We conducted an a priori power analysis via Monte Carlo simulation in R. Data from 21 participants, collected online using the Gorilla experimental platform during the development of the {webgazeR} (Geller et al. (2025)) package and employing the same stimuli and VVWP design, were used to seed the simulations. In these data, we observed a cohort effect of approximately 3%. Using this value as our seed, we collapsed the data across time bins to compute binomial counts per trial and fit a binomial generalized linear mixed model (GLMM) to obtain fixed-effect estimates. We then augmented the dataset by adding a between-subjects factor for webcam quality, with participants evenly assigned to high- and standard-quality groups. In the high-quality webcam group, we modeled both a higher overall fixation rate and a larger cohort effect, whereas in the standard-quality group the cohort effect was halved relative to the high-quality group. Simulated datasets were generated under this model, and the planned GLMM—including a condition × webcam interaction—was refit to each simulated dataset (N= 5000). Power was estimated as the proportion of simulations in which the interaction term exceeded |z| = 1.96. The analysis script to run this power analysis is located here: https://osf.io/4trmn/files/a46g8. Results indicated that a total of 35 participants per group (N = 70) would provide approximately 90% power to detect the hypothesized reduction in the cohort effect and overall fixation rate under standard-quality webcam conditions. Because this analysis only examines overall proportions and we plan to also examine effects across time, we will plan to recruit 50 participants in each group (N = 100 total). We will run our study until we have 100 usable participants (50 in each group). For the calibration analysis (see below), all participants who enter the study will be included.

Participants will give informed consent before participating. At the present time these studies are approved by the ethics committee.

Materials

VWP

Picture Stimuli

Stimuli were adapted from Colby & McMurray (2023). Each stimulus set comprised four images. For the webcam study, we used 30 sets (15 monosyllabic, 15 bisyllabic). Within each set, only the target and its onset competitor served as auditory targets, each presented once, yielding two trial types: TCRU trials, in which a target, cohort, rhyme, and unrelated picture were displayed (e.g., rocket, rocker, pocket, bubble), and TCUU trials, in which a target, cohort, and two unrelated images were displayed (e.g., mouth, mouse, house, chain).

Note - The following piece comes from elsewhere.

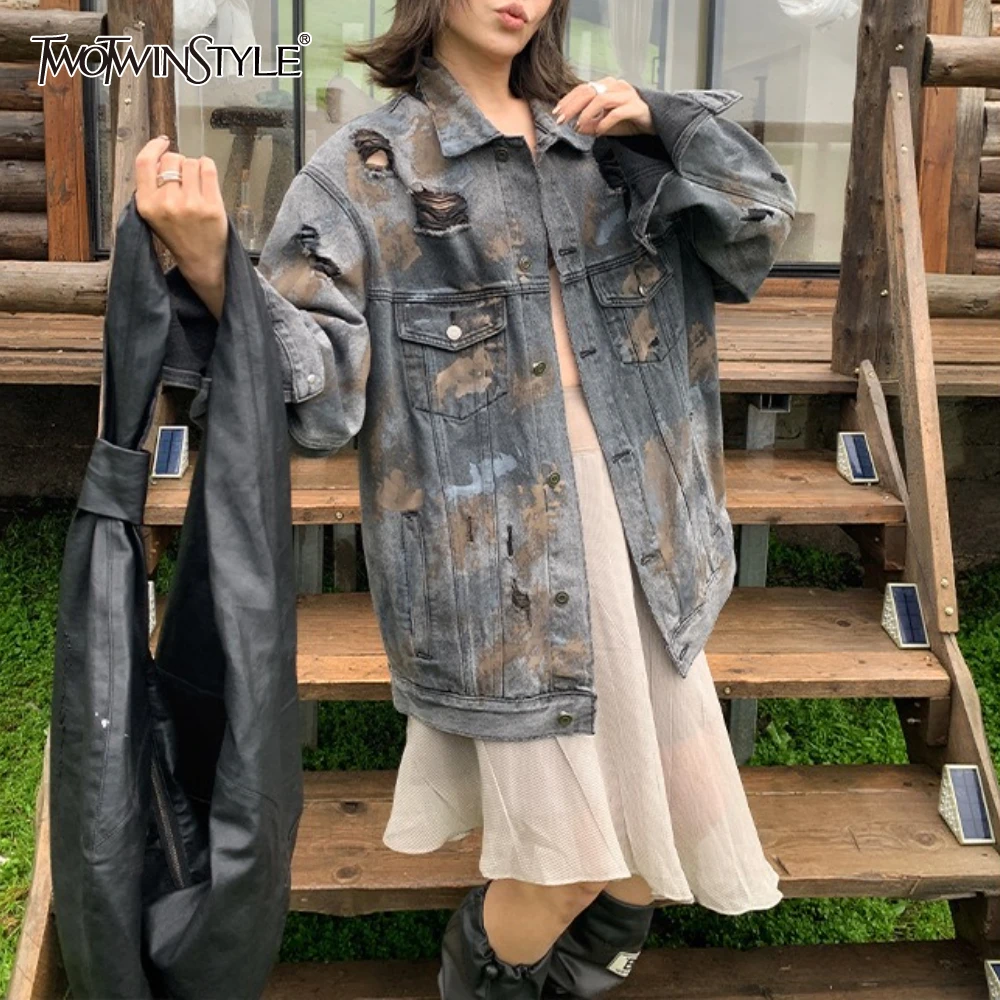 

TWOTWINSTYLE Hit Color Spliced Ripped Casual Jacket Female Lapel Long Sleeve Streetwear Women's Jackets Autumn Style New Fashion
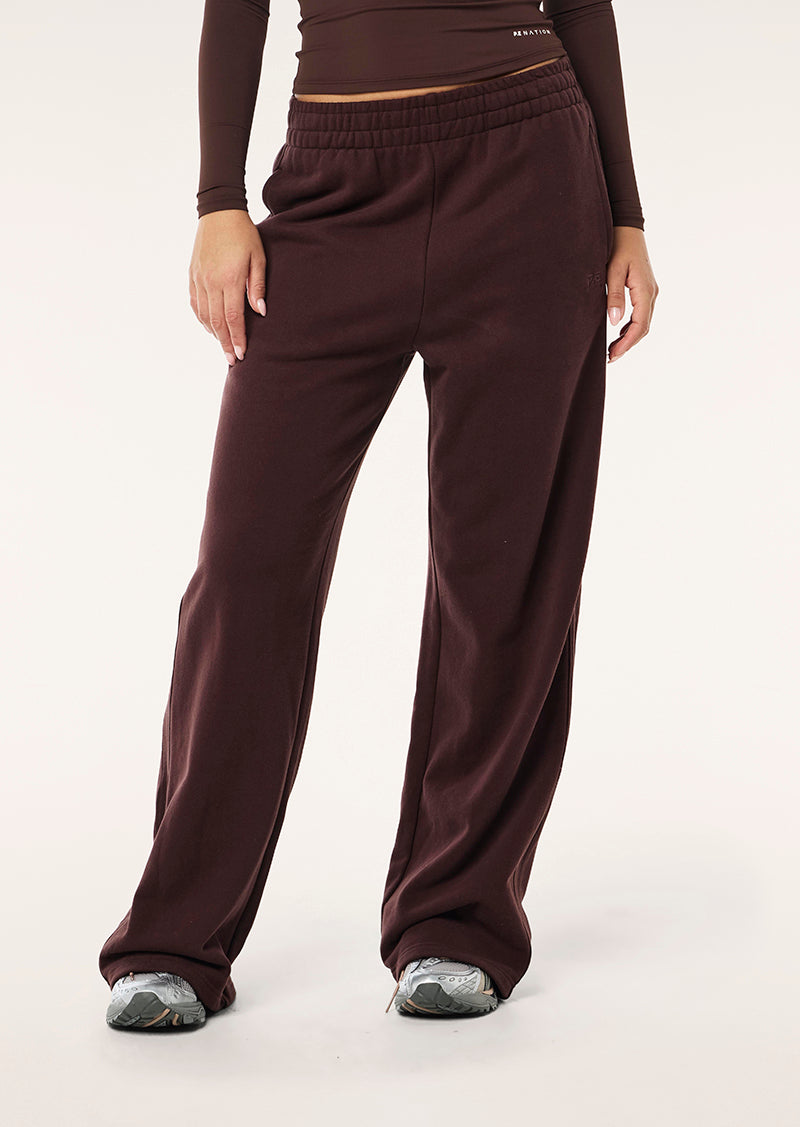 ADVENTURE TRACKPANT IN MAHOGANY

This design resulted in 60 trials total (30 sets × 2 target types per set). A custom MATLAB script (https://osf.io/x3frv) generated a unique randomized list for each participant, pseudo-randomizing display positions so that each image type was approximately equally likely to appear in any quadrant across subjects.

All 120 images were from a commercial clipart database that were selected by a small focus group of students and edited to have a cohesive style using a standard lab protocol (McMurray et al., 2010). Images were all scaled to 300 × 300 pixels.

Auditory Stimuli

Auditory stimuli were recorded by a female monolingual speaker of English in a sound-attenuated room sampled at 44.1 kHz. Auditory tokens were edited to reduce noise and remove clicks. They were then amplitude normalized to 70 dB SPL. . All .wav files were converted to .mp3 for online data collection. 

Webcams

To manipulate recording quality, two webcams will be used. In the high-quality condition, we will use a Logitech Brio webcam, which records in 4K resolution (up to 4096 × 2160 px) with a 90° field of view and samples at 60 Hz. This setup provides high-fidelity video with greater spatial and temporal precision. In the standard-quality condition, we will use a Logitech C270 HD webcam, which records in 720p resolution and samples at 30 Hz, producing video quality comparable to that of a typical built-in laptop webcam and therefore simulating lower-quality online recordings (see (Jarvis et al., 2025)

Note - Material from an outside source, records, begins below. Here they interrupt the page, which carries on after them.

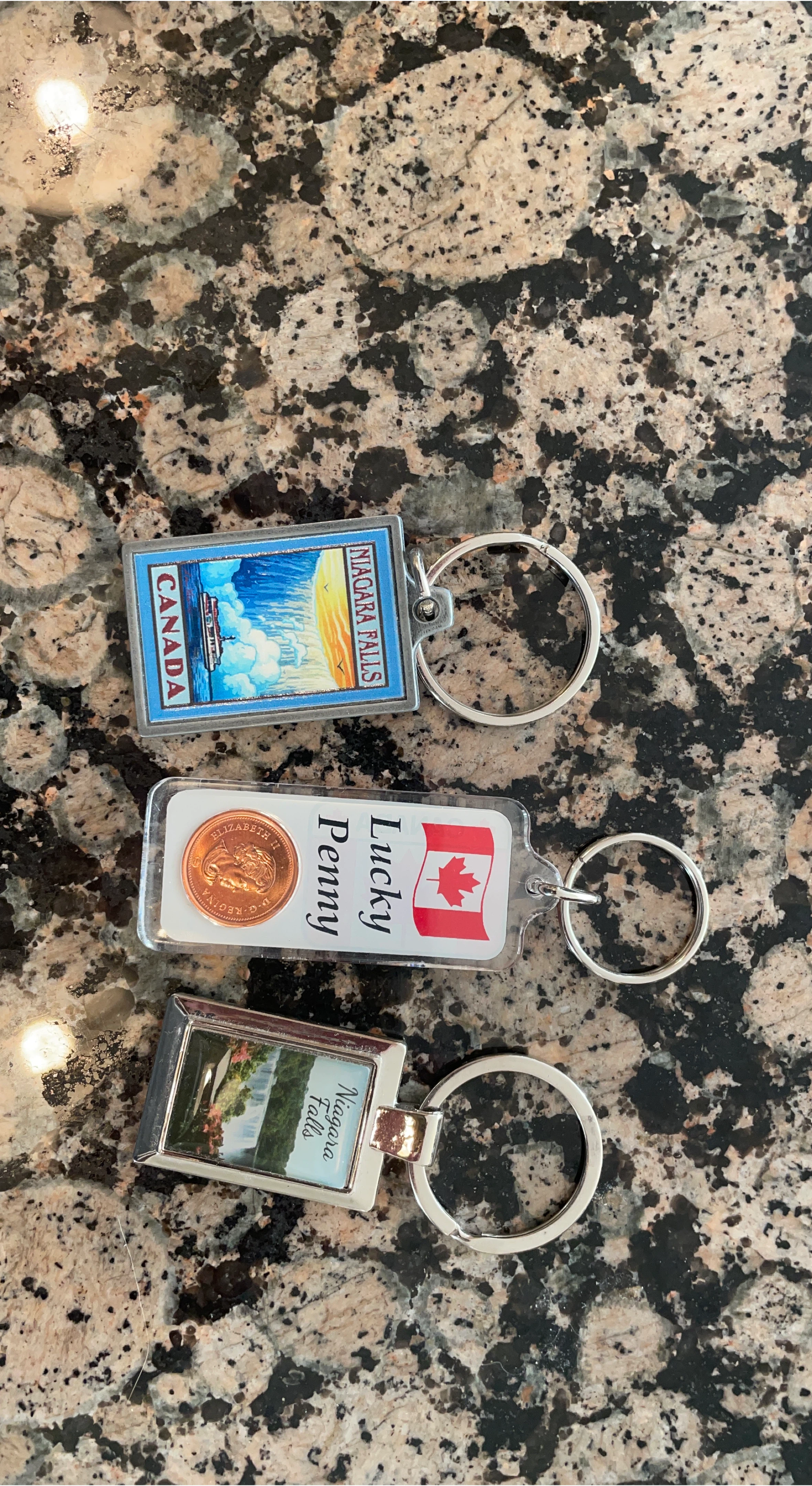 Canada & Niagara Falls Keychains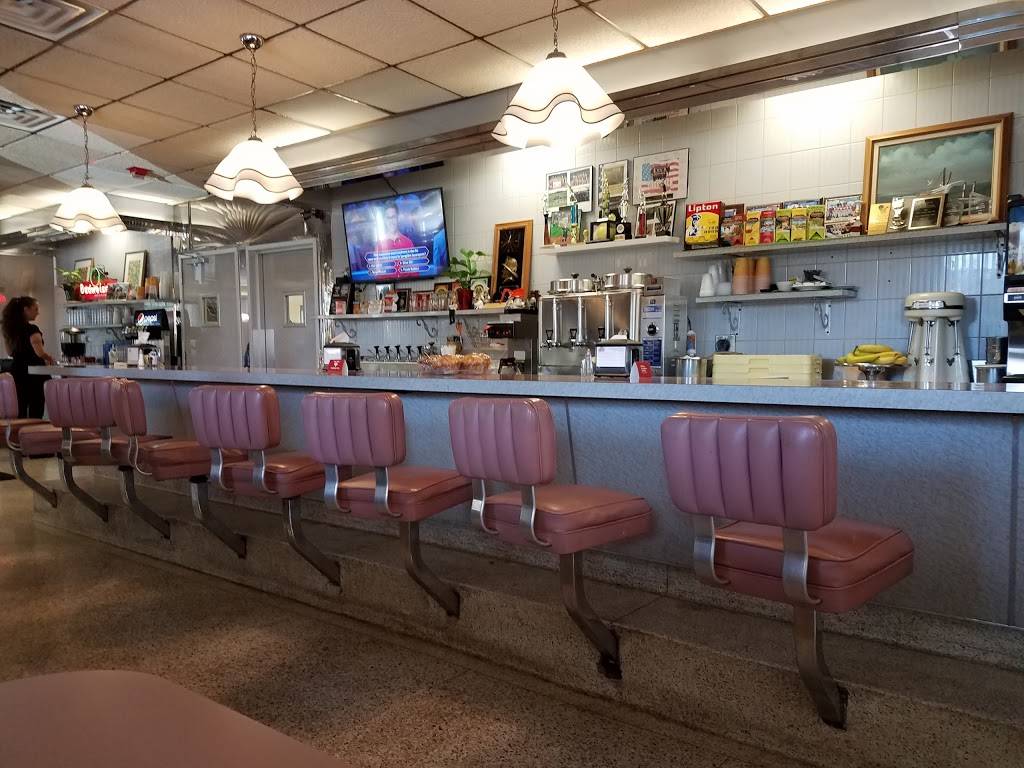 Farmer Boy Diner & Restaurant | restaurant | 1975 Central Ave, Albany, NY 12205, USA | 5184562243 OR +1 518-456-2243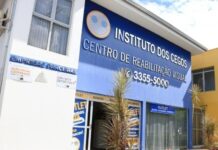 Instituto dos cegos promove experiência no escuro para sensibilizar pessoas que enxergam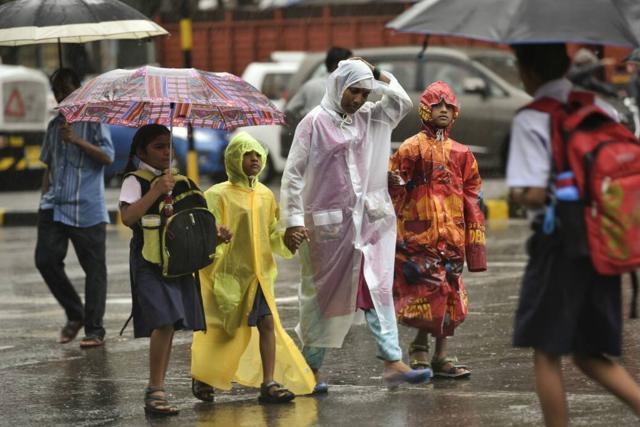 Armed with umbrellas and raincoats, students rush to school at Shivaji Park, Dadar. (Anshuman Poyrekar/HT) Armed with umbrellas and raincoats, students rush to school at Shivaji Park, Dadar. (Anshuman Poyrekar/HT)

Both webcams will be mounted in a fixed position above the monitor to maintain consistent framing across participants. Lighting will be standardized to ensure uniform image quality across all sessions.

Experimental Setup and Procedure

All tasks will be completed in a single session lasting approximately 30 minutes. The experiment will be programmed and administered in Gorilla (Anwyl-Irvine et al., 2019). Participants will be brought into a room in the Human Neuroscience Lab at Boston College and seated in front of a 23-inch Dell U2312HM monitor (1920 × 1080 px) approximately 65 cm from the screen. Audiotry information will be presented over Sony ZX110 headphones to ensure consistent audio presentation and minimize background noise. The experimental tasks will be fixed and presented in this order: informed consent, single word VWP, and a demographic questionnaire. The entire experiment can be viewed on Gorilla.

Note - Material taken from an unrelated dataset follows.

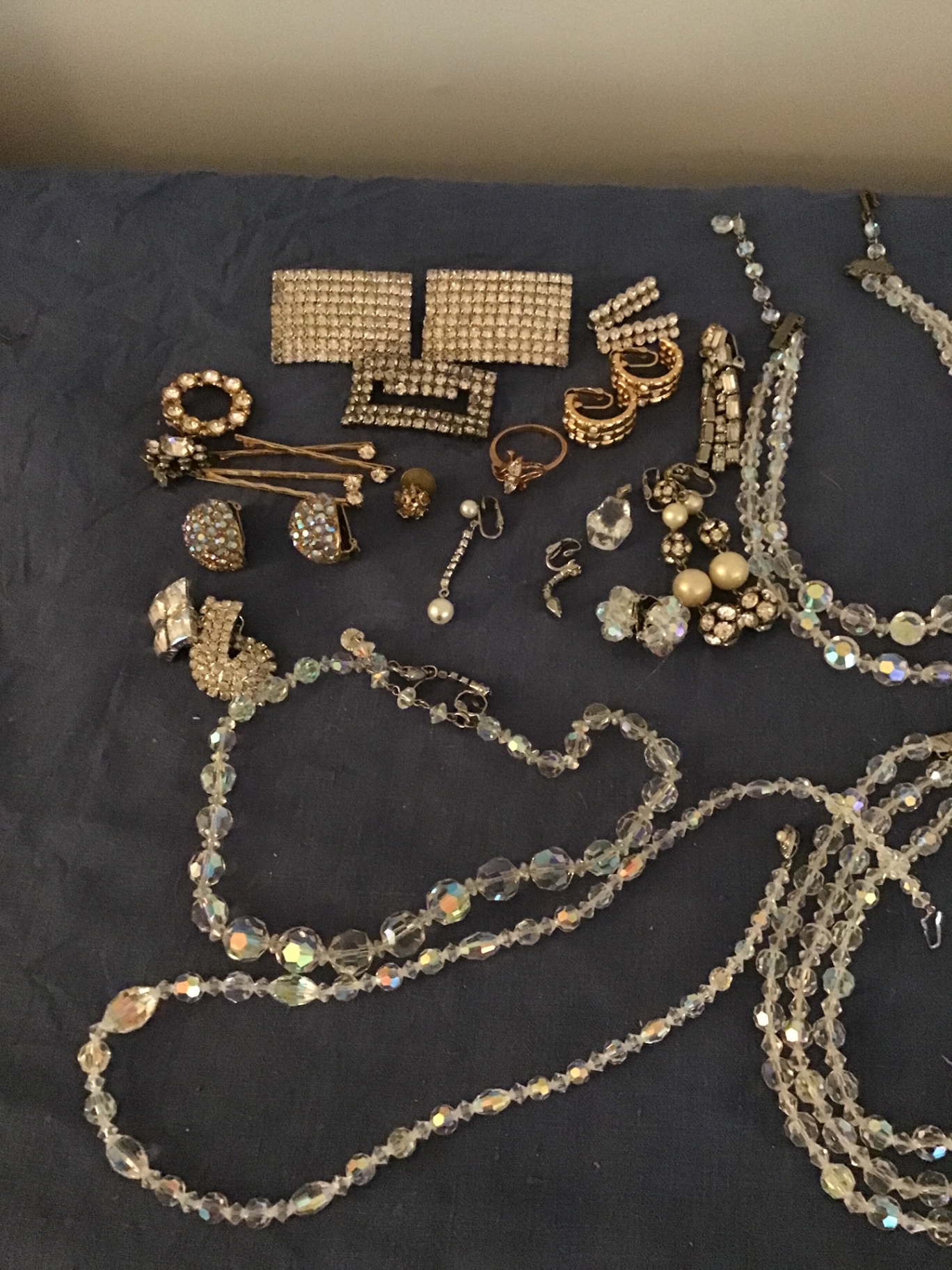 Assorted crystal jewelry - image 2 of 3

Before the main task, an instructional video will demonstrate the calibration procedure. Calibration will occur twice—once at the start and again after 30 trials—with up to three attempts allowed each time. In each calibration phase, participants will view nine calibration targets and five validation points, looking directly at each target as instructed. Participants will then complete four practice trials to familiarize themselves with the task. Each trial begins with a 500 ms central fixation cross, followed by a preview display of four images located in the screen’s corners. After 1500 ms, a start button appears at the center; participants click it to confirm fixation before hearing the spoken word. The images remain visible throughout the trial, and participants indicate their response by clicking the image corresponding to the spoken target. A response deadline of 5 seconds will be used. Eye movements are recorded continuously during each . Following the main VWP task, participants will complete a brief demographic questionnaire, after which they will be thanked for their participation.

Data Preprocessing and Exclusions

We will follow the guidelines outlined in Geller et al. (2025) and exclude participants with overall task accuracy below 80%, those who report English as not their first language, and those with non-normal or uncorrected vision. At the trial level, only correct-response trials (accuracy = 1) will be retained. Reaction times (RTs) outside ±2.5 SD of the participant-level distribution (computed within condition) will be removed. To increase signal-to-noise, participants with fewer than 40 usable trials after these exclusions will also be removed.

For eye-tracking preprocessing we will use the {webgazeR} package in R (Geller et al., 2025) that contains helper functions to preprocess webcam eye-tracking data. All webcam eye-tracking files and behavioral data will be merged. Data quality will be screened via sampling-rate checks with very low-frequency recordings (e.g., < 15 Hz) by-participant and by-trial excluded (Bramlett & Wiener, 2025; Vos et al., 2022). We will quantify out-of-bounds (OOB) samples—gaze points outside the normalized screen (1,1)—and remove participants and trials with excessive OOB data (> 30%). OOB samples will be discarded prior to analysis. In addition, Gorilla provides calibration/quality metrics (“convergence” and “confidence,” both 0–1); trials with convergence < 0.5 or confidence > 0.5 will be excluded.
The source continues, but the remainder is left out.